By now, you have likely seen an explosion of products labeled “gluten-free” in grocery stores and gluten-free recipes on the Internet. It is probably starting to make you curious. Is it a new kind of diet? Should everyone switch to a gluten-free diet to be healthier? Or is it just another diet fad? To get educated about it and to know if it’s the right kind of diet for you, here are the basic things you need to know:
‘Gluten’ defined
Gluten (Latin word for “glue”) is a protein composite found in wheat and other cereal grains. It gives elasticity to bread, helping it rise and keep its shape. Gluten is composed of two proteins, namely glutenin and gliadin, which cause inflammation in the small intestines of people with celiac disease.
What is celiac disease?
According to the Canadian Celiac Association, “Celiac disease is a medical condition in which the absorptive surface of the small intestine is damaged by gluten.” This inherited autoimmune disease leads to reduced absorption of important nutrients needed to maintain good health, which include Calcium, Iron, Vitamins A, D, E, K and Folate. Health Canada says that, “As many as 300,000 Canadians could have this disease; however, many remain undiagnosed.”

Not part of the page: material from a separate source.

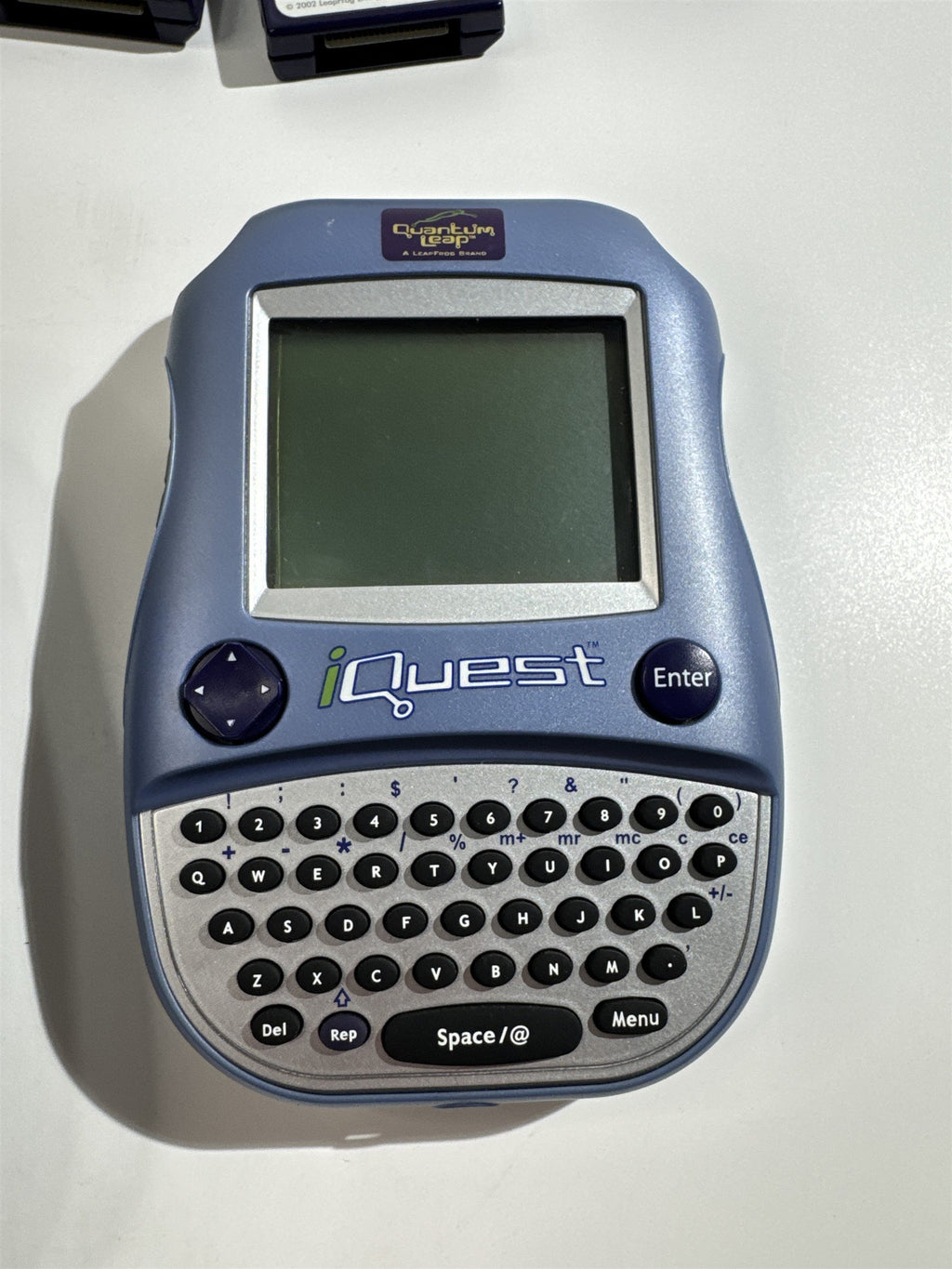 Quantum Leap iQuest Handheld Console Bundle w/ 5 Cartridges & Carrying Case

How do I know if I have the disease?
To know whether you have the disease or not, you can get yourself tested through a blood screening test. If the blood test result is positive, then a biopsy of the small intestine will be performed to confirm inflammation. It is important to get tested before making the switch to a new diet since a gluten-free diet can be frustrating, as it requires you to completely remove wheat and many whole grain foods from your diet and to constantly pay close attention to what you are eating. It is also more expensive.
The gluten-free (GF) diet
It is necessary for individuals diagnosed with celiac disease to stick to a gluten-free diet for the remainder of their lives to live healthier and to avoid illness. Those who do not have celiac disease, but have wheat allergies or gluten intolerance can also opt for gluten-free food, as eating food containing gluten can cause bloating, diarrhea, and flatulence.

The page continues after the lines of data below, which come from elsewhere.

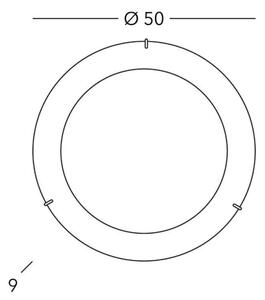 Kolarz A1306.13.4 - Stropné svietidlo MOON 3xE27/60W/230V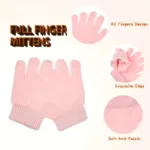 Children's Winter Knitted Wool Lining Warm Hat, Scarf, Glove Set For 2-5 Year Old Boys And Girls - Image 11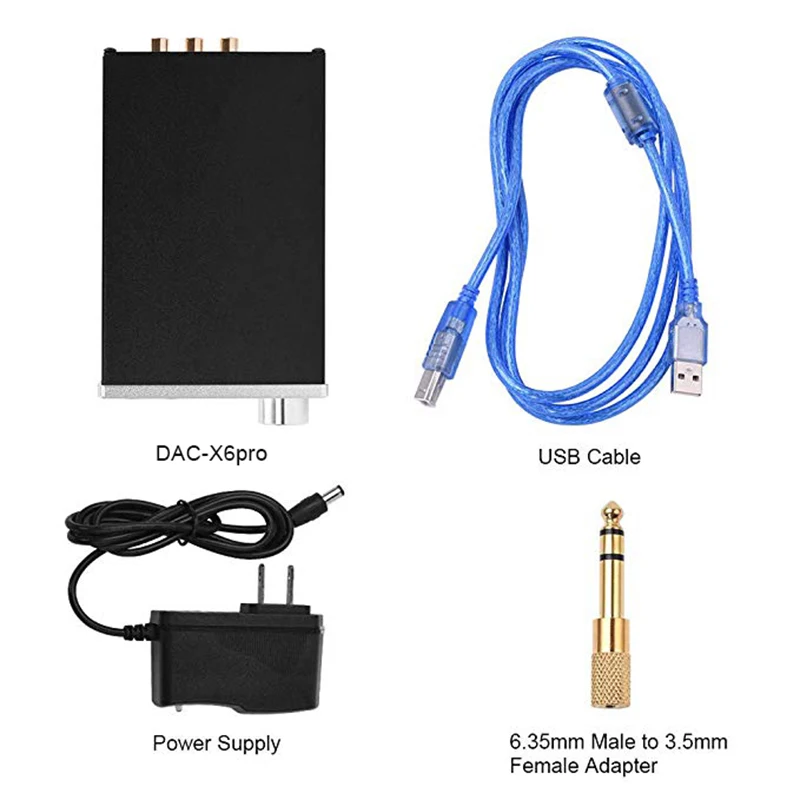 Усилитель для наушников dilvpoet DAC X6 pro tpa6120 USB/коаксиальный/оптический вход CM6642 CS8416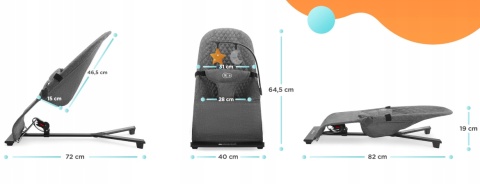 MIMI Kinderkraft Leżaczek bujaczek - Grey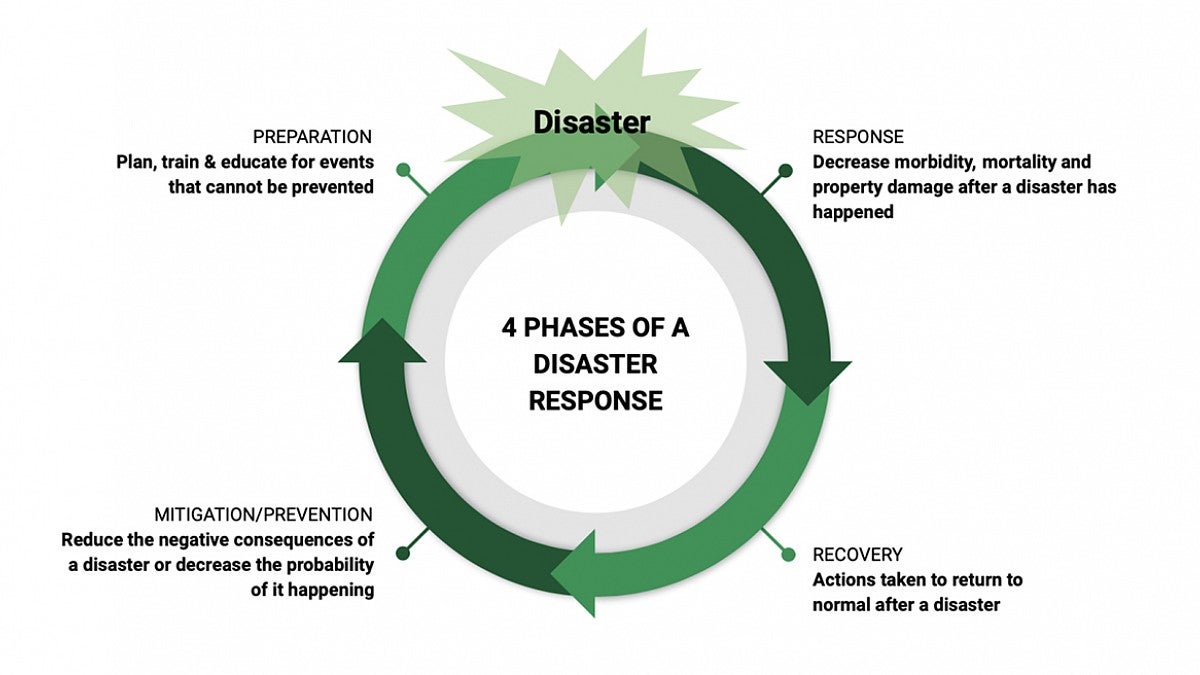Graphic of disaster preparedness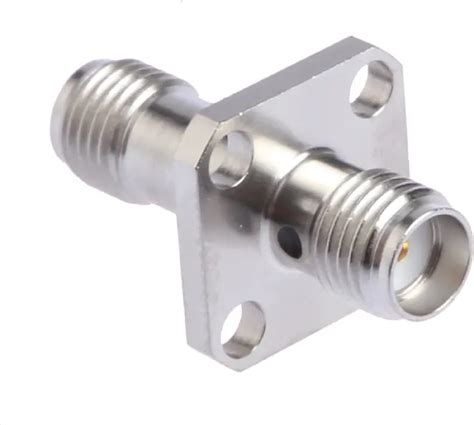 SMA Female to SMA Female Four Hole Adapter Straight Coaxial Connector ...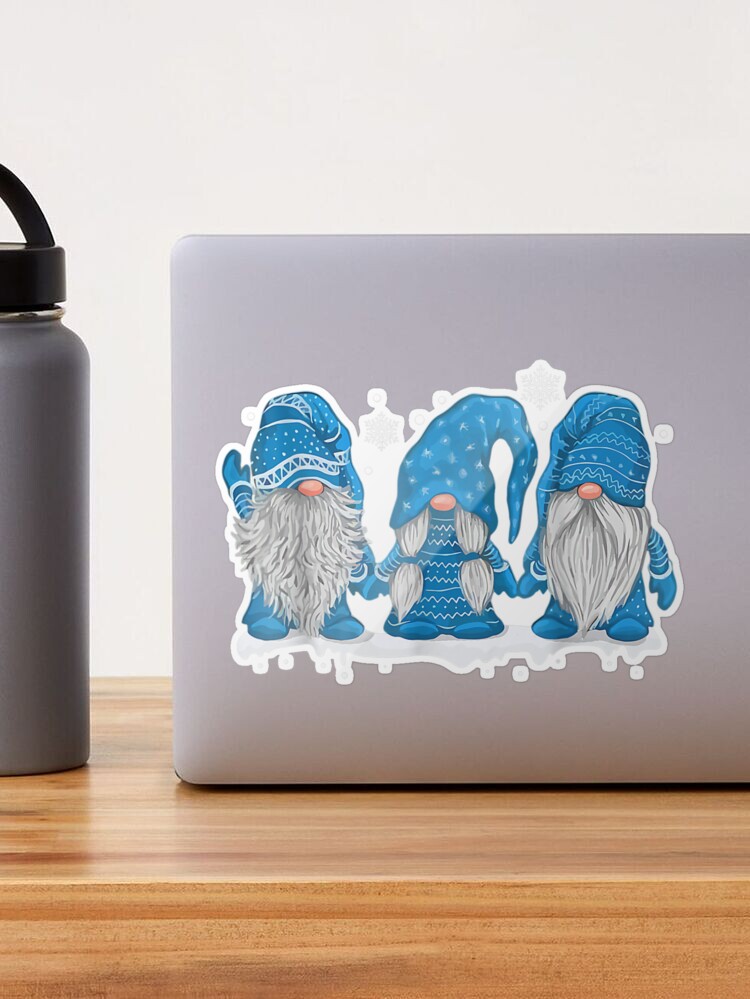 Blue Christmas Gnome Tumbler (T303)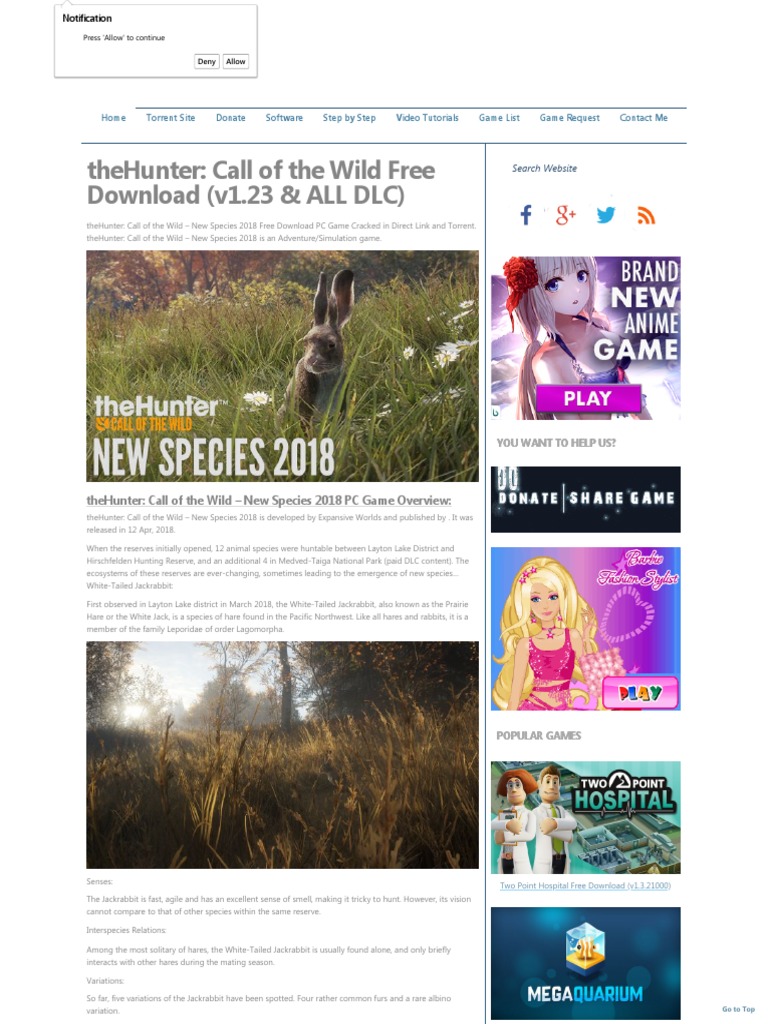 Thehunter - Call of The Wild Free Download (v1.23 & ALL DLC) IGGGAMES ...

If you do not have celiac disease or gluten sensitivity, you have the right to go gluten-free by all means, but there are things you need to know first. There has been no scientific evidence yet that proves that going gluten-free is indeed healthier. In an article written by registered dietitian Tanya Zuckerbot for Prevention.com, she said that, “A food billed as ‘gluten-free’ isn’t necessarily healthier. Gluten-free products can be high in calories, fat, and carbohydrates, and some people who go gluten-free actually gain weight.” You may also be at risk for nutritional deficiencies because a GF diet means removing grains, the largest food category, from your meals.
Here is a list of gluten-free foods from Mayo Clinic:
- Beans, seeds, nuts in their natural, unprocessed form
- Fresh eggs
- Fresh meats, fish and poultry (not breaded, batter-coated or marinated)
- Fruits and vegetables
- Most dairy products
- Amaranth
- Arrowroot
- Buckwheat
- Corn and cornmeal
- Flax
- Gluten-free flours (rice, soy, corn, potato, bean)
- Hominy (corn)
- Millet
- Quinoa
- Rice
- Sorghum
- Soy
- Tapioca
- Teff
If you are really decided to try a GF diet, just make sure to still maintain a well-balanced daily diet. It is also advisable to consult a doctor and a dietitian, who can provide you with a list of alternatives.